A cool, long-fingered hand rests on her shoulder, and Gaara has, in all silence, moved to stand over her. Sakura looks long at his hand, marveling at the feel of his skin—cool and firm and callused—against her own—soft and still unformed despite the advent of her adulthood. Then, she looks at him.

Gaara's eyes stare straight through her, piercing her flesh and looking at her as though he has known her all his life and she is simply transparent, so easy to read. "No, she was not, you are right.

"Chiyo-sama…" Again he is sucking in breath and Sakura's mouth twitches as she looks at him, the ghastly, pathetic parody of a sad, sympathetic smile convulsing on her lips. "…Chiyo-sama was an exemplary kunoichi during her active career in the field. Tales of her exploits have been told to children in Suna for decades; you can find accounts of battles she has fought with nin from all villages—from Tsunade-sama to Hanzo of the Ame—in any history book here in Suna.

"She may as well have written the book on Sunagakure medical care." Gaara licks his lips. "She wrote a large portion of the book for other villages as well."

Now, he's staring down at the headstone himself, and Sakura feels a rush of blood as Gaara's grip on her shoulder tightens—it's hard to tell if the sensation is the feeling of being disturbed or some primordial sense of pleasure rearing its head. "And she did know how to reverse her 'mistakes'," Gaara murmurs, voice barely audible.

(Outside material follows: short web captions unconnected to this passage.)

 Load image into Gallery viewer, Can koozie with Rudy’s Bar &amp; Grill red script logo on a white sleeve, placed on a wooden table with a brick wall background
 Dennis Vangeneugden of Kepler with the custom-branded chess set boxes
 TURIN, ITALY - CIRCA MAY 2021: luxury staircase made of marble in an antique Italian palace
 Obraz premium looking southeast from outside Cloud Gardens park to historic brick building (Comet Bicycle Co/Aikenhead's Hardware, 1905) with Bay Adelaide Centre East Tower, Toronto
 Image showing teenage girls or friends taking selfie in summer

Wind blows through them, and it's not dusty so much as thick and humid now. Sakura can feel a rock digging into her leg. She looks at Gaara, and she sees someone as utterly unlike the boy who tried to crush her with sand as anyone can be.

"I got your message." Gaara's voice is horribly flat now, but when he asks his next question, Sakura feels her heart seize at the waver in his tone. "Is it true?"

Nodding hurts her whole body. "Yes, it is." Her throat feels swollen, her eyes on the verge of tears but Sakura doesn't cry. She's dried out, wrung out—the years have been long and hard and she doesn't have it within her to cry, not anymore. "It's true."

"So Uzumaki Naruto is dead." A harsh note dissolves into the sky. "And Uchiha Sasuke still lives."

Again, Sakura nods even though it makes her body want to die.

Gaara tosses his head back and forth like a discomfited horse. "Years ago…" He is soft at his words again "… Years ago I offered him a chance to come back at the Kage Summit. I had been allowed redemption, and in my mind he deserved the same chance."

Yes, the chance to jump, then fall and then finally find your footing on firmer ground. Except Sasuke's still falling, and he'll never find firmer ground.

"Now…" Gaara's voice fails "…Now… I only wish that I had killed him that day, so that all that has come to pass because of him would not have happened.

"I wish I had killed Sasuke, so that Naruto would still live."

And again, Sakura finds herself nodding. She thought she would never see this day, the day when she would genuinely wish Sasuke was dead. But she does—Naruto lies in the cold earth and Sasuke is still running with the lunatics and behaving the madman himself, and how she wishes the roles were reversed.

Naruto had the inner light, the indefinable something that made his life worth saving. How can darkness compare to that?

Another clap of thunder, hovering in the air nearly to the count of ten, comes, and behind it comes what Sunagakure was waiting for, what Sunagakure hasn't seen for nearly twenty years: the sound of liquid patter on the dunes, coming ever closer to Suna as the seconds passed and accompanied by a wind that is finally filled with the fresh smell of rain.

Gaara's hand slips to the crook of her arm. "We need to go inside, Sakura," he says quietly. "The storm will be here soon, and its strength will be equal to that of a sandstorm."

She gets up, and lets him accompany her back to the Kazekage's compound.